John Erskine, AN INSTITUTE OF THE LAW OF SCOTLAND 1st edn 1773 Edinburgh: Edinburgh Legal Education Trust (www.centreforprivatelaw.ed.ac.uk/monograph_series) 2014. Old Studies in Scots Law, vol 5. cxii+1025pp. ISBN 9780955633263. £30.

Author
DOI10.3366/elr.2015.0308
Pages429-430
Published date01 September 2015
Date01 September 2015

The Edinburgh Legal Education Trust is an important funding vehicle for legal research and education. Financed ultimately by CPD provision, the Trust is a powerful example of the positive impact that commercial engagement with the profession can have on the academic study and teaching of law. One of the Trust's activities is the publication of books on the law. Its Older Studies in Scots Law series comprises facsimile editions of important Scottish law books with introductions by some of today's leading legal scholars. The volume under review is the fifth to be produced in the series. Previous volumes have also been reviewed for this journal (see (2011) 15 EdinLR 33 and (2014) 18 EdinLR 300).

As is noted in the original advertisement to Erskine's Institute, and as is commented upon in the introduction to this volume, Erskine worked towards completion of his Institute in the final years of his life. As such, it benefited from his focused attention as well as his forty-seven-year career as an advocate and teacher of law. He did not live to see the realisation of his endeavours, so the volume was edited and seen through the press by his son, David. The second and third editions of the Institute (1785; 1793) were enlarged by material not attributable to Erskine. The consequent importance of the first edition is noted in the volume under review: “By contrast [to the subsequent editions], the first edition, reprinted here, provides a statement of the law as Erskine believed it to be at the time when he completed the work, in the 1760s. It is therefore the authoritative version of Erskine's text” (xxxv).

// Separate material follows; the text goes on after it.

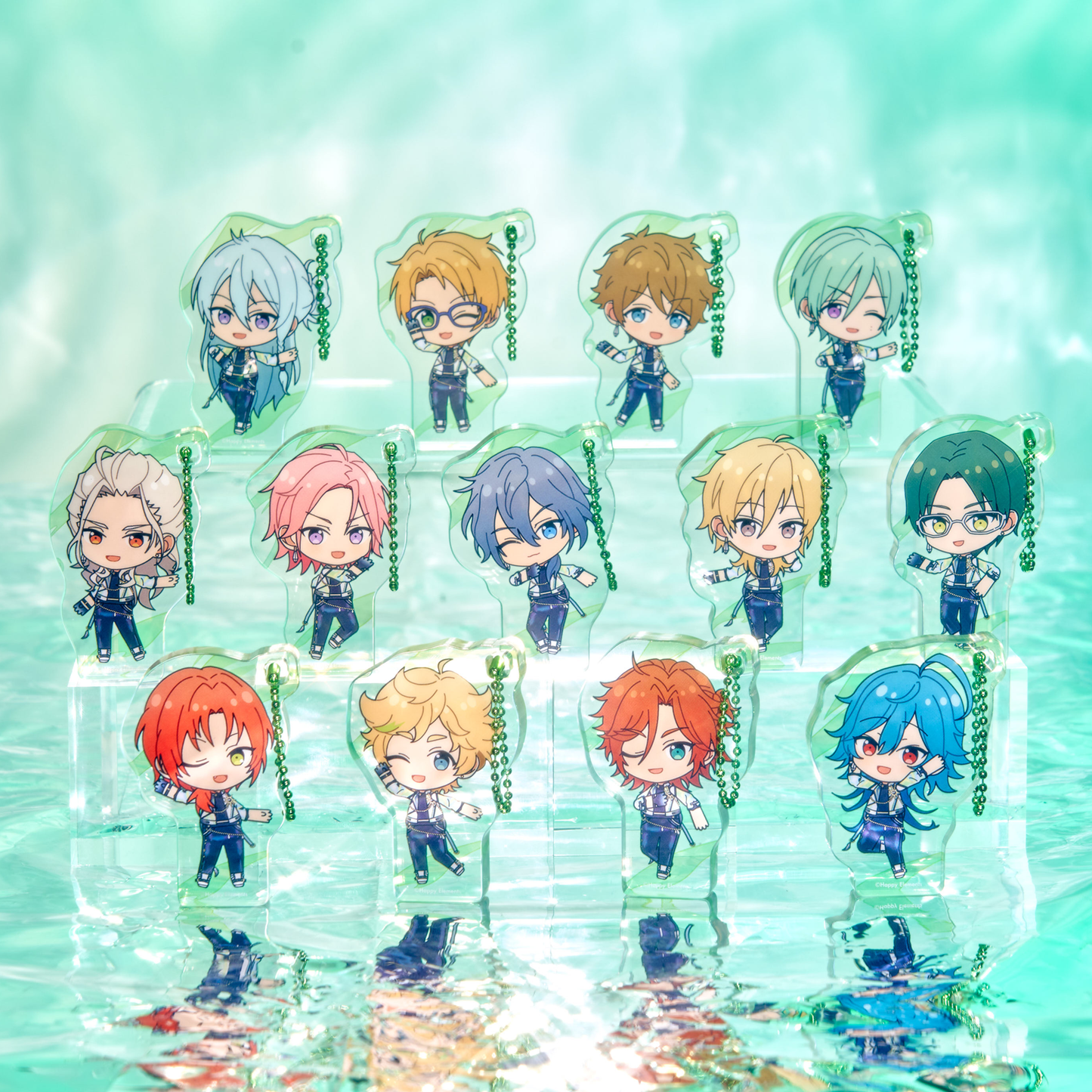 【二次販売】【ES 9th Anniv.】miniアイドルチャーム【STORM】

The new introduction is written by Kenneth Reid, who is also the series editor. It is critical, engaging and useful in contextualising the work that follows. The introduction first examines issues relating to Erskine's life, including his education, professional practice, attempts to secure a teaching position, subsequent teaching career, the writing of his Principles, and his eventual retirement. It then discusses the Institute itself: why Erskine may have written it late in life, the preparation of the printed edition, the initial reception and later editions of the work, its structure, pattern of citation, and the extent to which there is overlap of content with the Principles. The introduction concludes by reflecting on the later reputation of the Institute, from once having “primacy of place as the leading statement of contemporary law” (xxxi) to earning...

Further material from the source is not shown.